Talent gezocht: nieuw elan voor het kernwinkelgebied van Maastricht.
Maastricht staat voor dezelfde uitdaging als veel andere populaire bestemmingen in Europa: hoe verdeel je de bezoekersstromen op een manier dat iedereen daar baat bij heeft? Om een antwoord te vinden op deze vraag, werken vijf ‘kwartiermakers’ in het centrum van de Limburgse hoofdstad nauw met elkaar samen. Deel 4 van een vijfdelige serie: het kernwinkelgebied.
Het Boschstraatkwartier, het Jekerkwartier, het Stokstraatkwartier en niet te vergeten Wyck. Het zijn stuk voor stuk bijzondere plekken Maastricht, waar de inwoners van de Limburgse provinciehoofdstad zelf graag komen. Omdat het er zo lekker rustig is. Of omdat je, zelfs als frequente bezoeker, altijd weer verrast wordt door de bijzondere verscheidenheid aan winkels, restaurants, cafés en galerieën. Wat ze vooral met elkaar gemeen hebben, is dat het allemaal stadsdelen zijn, die gezien hun bijzondere karakter beschouwd kunnen worden als bestemmingen op zich.

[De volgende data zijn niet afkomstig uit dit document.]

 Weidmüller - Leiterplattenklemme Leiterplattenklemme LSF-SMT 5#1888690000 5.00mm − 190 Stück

Het tegenovergestelde is het geval met het deel van Maastricht dat wel wordt aangeduid als ‘kernwinkelgebied’, een aantal bekende, grote straten en pleinen aan de westkant van de Maas, waar je – zeker op drukke dagen, die in deze tijd van het jaar weer in het verschiet liggen – over de koppen kunt lopen.
Piekmomenten
De bekende winkelstraten in het kernwinkelgebied, in het bijzonder de Grote Staat en omgeving, worden door zowel inwoners als bezoekers – zeker op piekmomenten – als erg druk ervaren. Hoogste tijd om daar iets aan te doen, vindt centrummanager Astrid Verberne. Zij spant zich in om met behulp van vijf ‘kwartiermakers’ een spreiding over de stad te bewerkstelligen. ,,In het belang van de hele stad. Als we erin slagen de druk op de binnenstad te verdelen, heeft iedereen in Maastricht daar baat bij: ondernemers, pandeigenaren en inwoners.”

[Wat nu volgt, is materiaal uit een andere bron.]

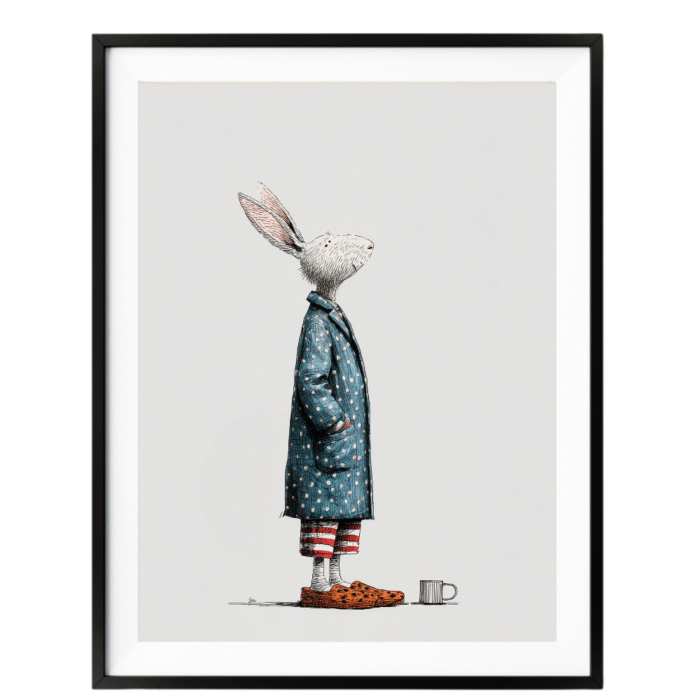 Sabah Kahvesi (My Morning Brew) Poster - Görsel 1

Een van de kwartiermakers die Astrid Verberne helpen haar ambitie waar te maken, is marketingdeskundige Ellis Visser. Ellis – ze heeft een eigen bureau in de binnenstad – is sinds afgelopen voorjaar voorzitter van de Vereniging van Ondernemers in de Binnenstad van Maastricht (VOC), een omvangrijke club met 800 tot 900 potentiële leden. ,,Lang niet iedereen is aangesloten. Al zijn velen wel lid van een kleinere vereniging van een plein of straat. Ik probeer hier de komende tijd verandering in te brengen, door zoveel mogelijk mensen in beweging te krijgen. Dat wil ik graag doen door bestaande samenwerkingsverbanden te intensiveren en ze met elkaar in verbinding te brengen, met als uiteindelijk doel een gezamenlijke visie op de binnenstad te ontwikkelen en een eigen identiteit die Maastricht verder versterkt. Dat betekent voorlopig vooral praten, en bestaande partijen met elkaar proberen te verbinden: van wij-zij naar zij aan zij. Als ondernemers in de binnenstad hebben we dezelfde belangen, ondanks de verschillen tussen de diverse retailers.’’
Nieuwe strategie
Een betere verdeling van de bezoekersstromen is in ieders belang, schetst de VOC-voorzitter. ,,Als je op mooie dagen door de stad loopt, zie je overal mensen. Winkeliers hebben over het algemeen niet te klagen over aanloop. Maar als bewoners en mensen van elders klagen dat het ergens druk is – soms veel te druk – kan zich dat op een zeker moment tegen je gaan keren. Als we ons meer verenigen en meer naar het grote belang kijken, is dat ook voor ons voordelig. We maken daarom graag de verbinding binnen en buiten ons kwartier. Het centrum van Maastricht is toe aan een nieuwe strategie, waarin iedereen zich gehoord voelt. Grote ondernemers, maar ook de kleinere.”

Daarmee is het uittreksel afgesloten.